Brecha de esperanza

PRÓLOGO

— ¿Por qué te esmeras en volver con ella cuando yo puedo cuidar mejor de ti? — inquiere por sexta vez en menos de una hora. Podría jurar que empezaba a impacientarse ante mi negativa.

— Porque es mi madre, Paul. — mi voz tembló por la oración que despidió mis labios. Mi subconsciente me retaba por las veces que la mencionaba.

Paul alzó una ceja sin creer lo que acababa de decir. Asentí en despedida antes de empezar a caminar, la idea era esfumarme de su vista antes que el problema creciera. Una frase bastó para detenerme. Una que ardía y dolía como el infierno pero era verdad. Mi realidad, una realidad que me costaba aceptar.

— ¡Ella no te quiere, Aledis!

Su grito hizo eco en cada rincón no solo de la casa, sino en mi cabeza. Giré sobre mi eje encontrándome con sus ojos cafés arrepentidos.

— Lo siento... Yo...

— Lo sé. — admito, apretando los dientes. La garganta me ardía, los ojos se me aguaron aun así no lloraría — Y, ¿qué esperas?

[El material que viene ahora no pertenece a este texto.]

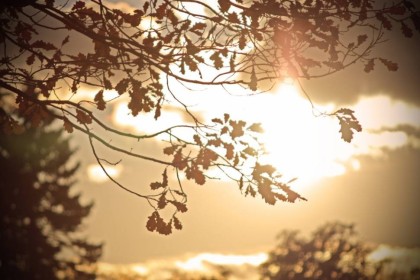 Теплый мускус база (MDF) 5мл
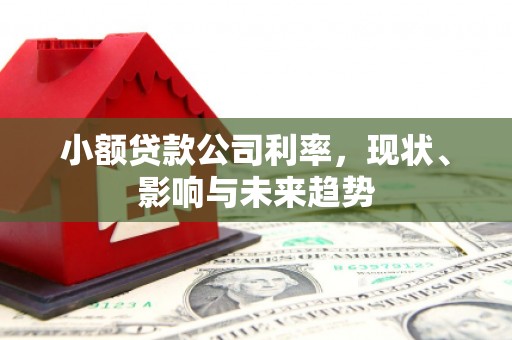 镇原小额贷款公司利率，现状、影响与未来趋势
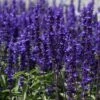 VICTORIA BLUE SAGE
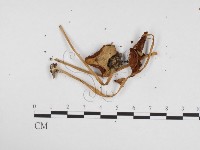 登錄號:F0024287藏品圖，第3張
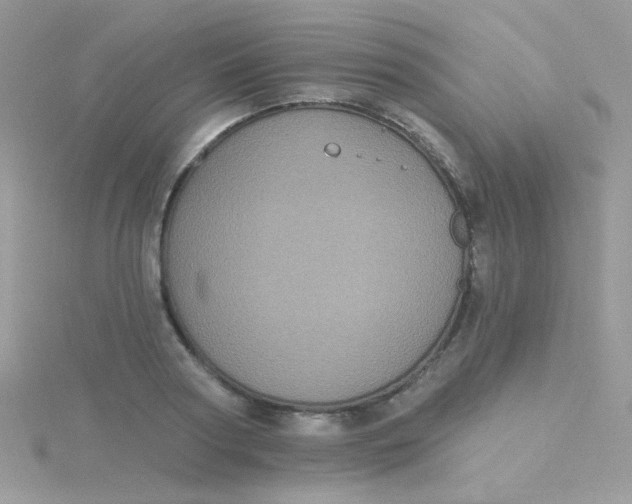 X0000115320794200911231349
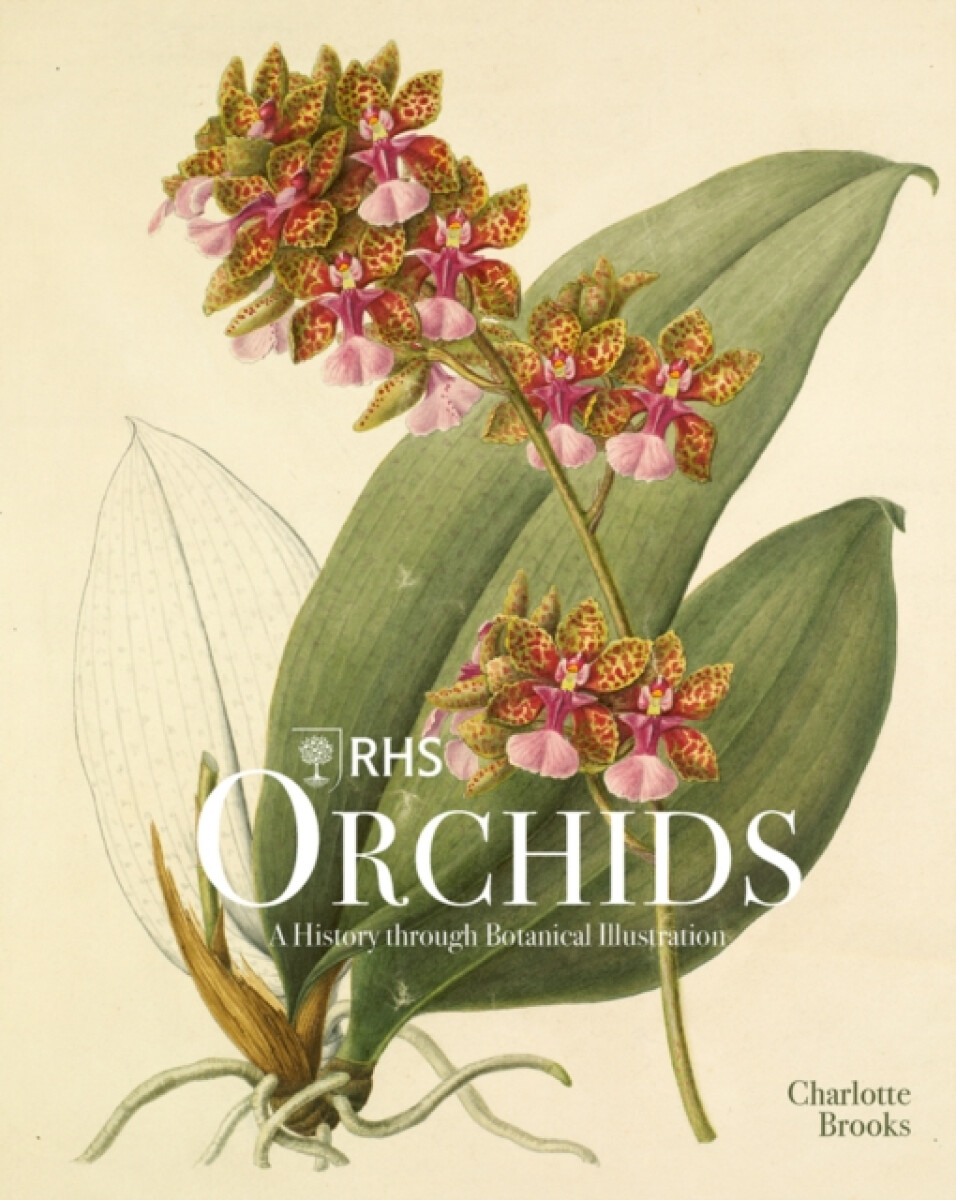 Kniha RHS Orchids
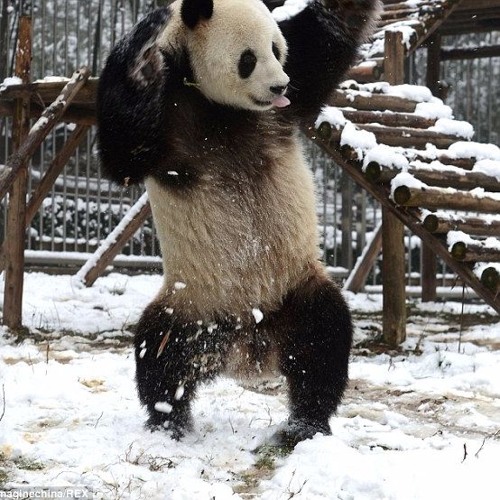Panda Swag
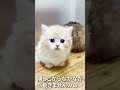 ビビリな短足ちゃん😂😂　#shorts #ミヌエット #マンチカン #子猫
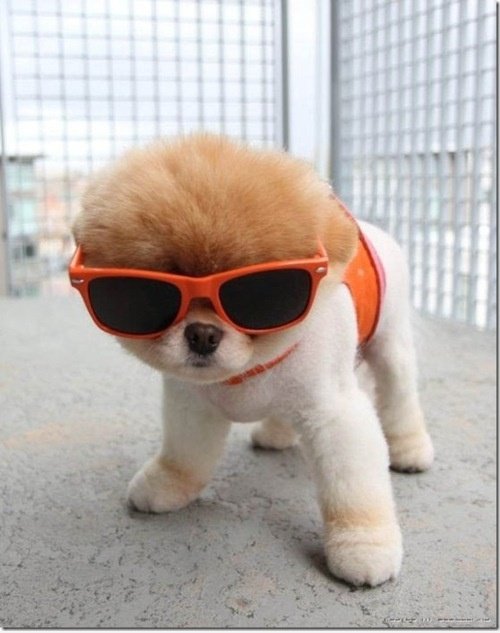 Cool dog widerlegt hot dog Klischee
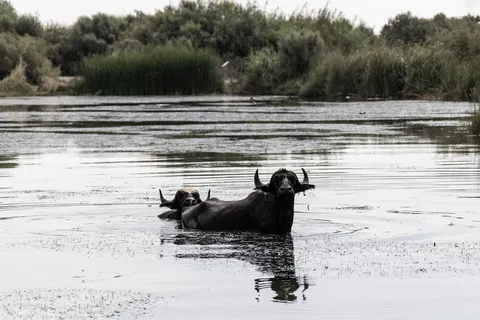 Water buffalo bathing, Azraq Wetland Reserve, Jordan — Nicolas Marincic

No puedo terminar en un orfanato, donde no podría hacer... nada, no alcanzaría ni la universidad ; sería más miserable de lo que ya soy.

— Eres muy pequeña para pensar en el futuro.

— Y la vida muy cruel para no hacerlo. — refuto retomando mi camino.

— Piénsalo.

— Piénsalo. Tú. Paul. — empiezo a mencionar las palabras lentamente — Me ves como un reemplazo de Daniel. ¡Acéptalo! Él murió y no puedes reivindicarte conmigo solo porque preferiste tu trabajo antes que a tu familia. ¿Ves? Después de todo Catalina y tú no son tan distintos.

El silencio se adueñó de la sala; su mirada dolida fue el pique para mi salida. ¿Pero qué acababa de decir? me detuve con la mano en mi pecho, agitada luego de correr varias cuadras, me apoyé en el tronco de un árbol. La garganta me ardía y no por el esfuerzo físico, lastimar a la única persona que le importaba, dolía; la verdad sobre mi madre, dolía.

Los ojos me picaban y las lágrimas no tardaron en brotar de ellos. Miré el cielo en busca de consuelo; era un día bonito, soleado y fresco. ¿Por qué lloraba? Si es de esos días donde ríes, juegas o compartes en familia.

Me sentía tan sola.

A los diez años anhelaba  la vida de Daniel. Aunque no tuviera a  su padre cerca, siempre al llegar de la escuela era recibido por su madre con abrazos y besos repartidos en su rostro, aunque ella nunca hizo distinciones entre ambos y me hizo sentir como una hija más, todo eso quedaba sepultado cuando llegaba a casa.
No tenía padre, y una mujer con el título de madre no me esperaba en casa preocupada por si llegaba, o por si la comida se enfriara, o preocupada por si tenía un resfrío en los climas fríos. Para mí llegar a casa era estrellarme con una pared construida de indiferencia. Para mí llegar a casa era tener la imagen de Catalina tirada en el piso inconsciente por inhalar tantas sustancias juntas antes de abrir la puerta. 
Lo peor era cuando estaba en casa; pasaba noches de insomnio, vigilante a la puerta de mi habitación cuando ella traía hombres y corrompían la sala con bolsas de cocaína, paquetes de marihuana y botellas de licor.